Game for a Laugh is a British light entertainment programme which ran for 56 editions and four specials between 26 September 1981 and 23 November 1985, made by LWT for the ITV network.
The show revolved around a variety of practical jokes, either in game-type formats played out within the studio or as often elaborate set-ups on unsuspecting members of the public, either studio-based or shot on location. Studio games included the Dunk Tank, Glube Tube and Pie Chair in which varying amounts of mess were dealt out. Each segment would end with the victim being made aware of the joke by a presenter, who would then announce that the person had proved to be “game for a laugh”.
It has been said that the original format was called Gotcha and was designed as a BBC show[1] to be presented by Paul Daniels, David Copperfield (the British comedian) and Pamela Stephenson.[2] The pilot show was rejected, allegedly, for being ‘too vulgar’. Jeremy Beadle then rewrote the format, with producer Michael Hill in the United States.

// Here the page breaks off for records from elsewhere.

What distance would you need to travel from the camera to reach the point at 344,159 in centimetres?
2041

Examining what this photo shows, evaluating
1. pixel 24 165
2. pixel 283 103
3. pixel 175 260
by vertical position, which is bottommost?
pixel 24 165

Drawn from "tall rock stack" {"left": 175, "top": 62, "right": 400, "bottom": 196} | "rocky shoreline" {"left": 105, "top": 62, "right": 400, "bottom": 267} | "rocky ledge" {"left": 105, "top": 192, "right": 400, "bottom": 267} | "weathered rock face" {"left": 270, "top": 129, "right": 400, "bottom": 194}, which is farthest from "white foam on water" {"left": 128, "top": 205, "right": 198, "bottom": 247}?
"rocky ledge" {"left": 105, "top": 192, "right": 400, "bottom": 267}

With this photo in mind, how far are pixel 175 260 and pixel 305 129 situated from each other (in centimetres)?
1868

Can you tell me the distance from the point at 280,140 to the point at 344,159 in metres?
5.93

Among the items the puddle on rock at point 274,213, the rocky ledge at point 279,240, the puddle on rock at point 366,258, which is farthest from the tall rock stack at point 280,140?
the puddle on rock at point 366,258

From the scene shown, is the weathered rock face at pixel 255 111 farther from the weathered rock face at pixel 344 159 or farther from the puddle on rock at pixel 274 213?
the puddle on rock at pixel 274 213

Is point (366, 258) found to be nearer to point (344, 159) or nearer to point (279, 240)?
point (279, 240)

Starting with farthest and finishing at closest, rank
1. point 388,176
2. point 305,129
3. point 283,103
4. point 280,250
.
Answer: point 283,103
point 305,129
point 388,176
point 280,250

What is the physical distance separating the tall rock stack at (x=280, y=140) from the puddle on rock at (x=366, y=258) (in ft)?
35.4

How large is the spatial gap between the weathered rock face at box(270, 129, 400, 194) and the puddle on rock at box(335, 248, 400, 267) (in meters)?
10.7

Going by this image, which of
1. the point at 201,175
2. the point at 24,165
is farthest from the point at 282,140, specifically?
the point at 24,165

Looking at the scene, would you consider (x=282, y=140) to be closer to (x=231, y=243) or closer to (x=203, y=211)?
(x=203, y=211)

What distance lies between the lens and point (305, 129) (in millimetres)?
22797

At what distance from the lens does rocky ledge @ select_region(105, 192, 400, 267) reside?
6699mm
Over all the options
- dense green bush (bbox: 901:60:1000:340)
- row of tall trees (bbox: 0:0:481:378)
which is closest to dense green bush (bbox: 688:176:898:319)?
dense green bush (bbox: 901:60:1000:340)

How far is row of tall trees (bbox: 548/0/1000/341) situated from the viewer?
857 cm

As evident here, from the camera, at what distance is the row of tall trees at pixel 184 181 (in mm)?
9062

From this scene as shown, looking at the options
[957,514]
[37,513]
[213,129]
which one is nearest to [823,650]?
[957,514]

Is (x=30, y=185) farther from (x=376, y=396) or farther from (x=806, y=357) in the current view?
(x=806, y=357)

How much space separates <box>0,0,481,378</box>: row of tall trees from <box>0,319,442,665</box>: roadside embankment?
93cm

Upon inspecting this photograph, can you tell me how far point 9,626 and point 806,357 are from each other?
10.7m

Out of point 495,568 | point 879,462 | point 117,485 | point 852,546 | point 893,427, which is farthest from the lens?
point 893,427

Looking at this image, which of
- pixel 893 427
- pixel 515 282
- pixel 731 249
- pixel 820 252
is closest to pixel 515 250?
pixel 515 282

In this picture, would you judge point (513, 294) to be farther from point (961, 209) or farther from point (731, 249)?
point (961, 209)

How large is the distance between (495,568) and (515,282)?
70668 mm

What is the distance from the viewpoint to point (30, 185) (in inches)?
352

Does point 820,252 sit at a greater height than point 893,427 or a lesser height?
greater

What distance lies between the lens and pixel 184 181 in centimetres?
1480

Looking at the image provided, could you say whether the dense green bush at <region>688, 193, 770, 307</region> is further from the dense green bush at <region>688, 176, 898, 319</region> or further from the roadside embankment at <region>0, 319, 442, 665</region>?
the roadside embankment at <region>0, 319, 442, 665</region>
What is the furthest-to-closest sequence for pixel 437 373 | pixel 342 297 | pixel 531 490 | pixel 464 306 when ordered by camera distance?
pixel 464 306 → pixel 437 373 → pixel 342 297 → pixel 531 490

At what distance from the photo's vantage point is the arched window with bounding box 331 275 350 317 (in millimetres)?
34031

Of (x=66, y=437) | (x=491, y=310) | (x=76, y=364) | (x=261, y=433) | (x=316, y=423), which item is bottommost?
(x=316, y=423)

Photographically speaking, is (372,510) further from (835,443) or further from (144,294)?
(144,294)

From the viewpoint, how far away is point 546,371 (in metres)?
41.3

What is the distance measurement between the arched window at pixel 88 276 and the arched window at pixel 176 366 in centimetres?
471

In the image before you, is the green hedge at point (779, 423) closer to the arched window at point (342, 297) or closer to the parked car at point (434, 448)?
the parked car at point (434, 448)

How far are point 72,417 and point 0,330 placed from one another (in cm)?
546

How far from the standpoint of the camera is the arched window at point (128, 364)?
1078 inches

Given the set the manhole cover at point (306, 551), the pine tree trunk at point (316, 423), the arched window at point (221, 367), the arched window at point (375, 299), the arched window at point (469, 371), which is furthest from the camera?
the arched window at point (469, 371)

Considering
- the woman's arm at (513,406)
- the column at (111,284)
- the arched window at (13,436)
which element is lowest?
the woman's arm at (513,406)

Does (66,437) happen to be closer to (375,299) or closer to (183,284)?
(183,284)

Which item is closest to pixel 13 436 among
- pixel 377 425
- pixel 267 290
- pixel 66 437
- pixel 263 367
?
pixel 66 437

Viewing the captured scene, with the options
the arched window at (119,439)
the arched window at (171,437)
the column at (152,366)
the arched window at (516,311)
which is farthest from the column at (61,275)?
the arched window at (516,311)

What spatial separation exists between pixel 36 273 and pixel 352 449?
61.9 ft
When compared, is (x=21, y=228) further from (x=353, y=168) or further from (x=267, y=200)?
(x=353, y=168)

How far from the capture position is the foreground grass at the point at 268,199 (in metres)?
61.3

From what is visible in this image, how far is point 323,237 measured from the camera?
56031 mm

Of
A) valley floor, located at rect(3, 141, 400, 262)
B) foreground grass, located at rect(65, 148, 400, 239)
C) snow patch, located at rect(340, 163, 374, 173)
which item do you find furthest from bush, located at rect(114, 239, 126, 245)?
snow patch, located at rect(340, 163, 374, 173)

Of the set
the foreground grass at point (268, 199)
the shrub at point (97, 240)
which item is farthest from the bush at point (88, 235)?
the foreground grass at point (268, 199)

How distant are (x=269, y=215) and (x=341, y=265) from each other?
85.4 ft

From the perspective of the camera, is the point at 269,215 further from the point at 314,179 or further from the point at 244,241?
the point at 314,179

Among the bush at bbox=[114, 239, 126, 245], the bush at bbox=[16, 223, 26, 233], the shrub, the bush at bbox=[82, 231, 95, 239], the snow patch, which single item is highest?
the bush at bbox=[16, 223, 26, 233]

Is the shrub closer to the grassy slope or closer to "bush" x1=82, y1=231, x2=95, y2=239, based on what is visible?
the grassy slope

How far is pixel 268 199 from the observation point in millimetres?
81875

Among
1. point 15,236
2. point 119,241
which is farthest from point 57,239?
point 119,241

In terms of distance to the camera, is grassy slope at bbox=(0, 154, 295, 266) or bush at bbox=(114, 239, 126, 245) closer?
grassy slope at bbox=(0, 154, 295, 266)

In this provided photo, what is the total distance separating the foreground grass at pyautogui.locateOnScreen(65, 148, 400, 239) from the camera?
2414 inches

According to the show’s original producer, Brian Wesley, in his 1982 book on the series, “The Game for a Laugh birthplace was the Hollywood office of producer Michael Hill.” Jeremy Beadle and Hill’s Los Angeles-based TV production company Hill-Eubanks Group envisaged a show in which “the people were the stars”. Hill developed the eventual show with Beadle and with Jeremy Fox, then head of London-based Action Time, and the son of BBC TV executive Sir Paul Fox. Fox then presented the format to LWT. Jeremy Fox also brought to the show a wealth of stunts from Truth or Consequences, a show created by Ralph Edwards Productions in Hollywood from whom LWT bought the rights.[3] At LWT, Head of Light Entertainment Alan Boyd put the finishing touches to it.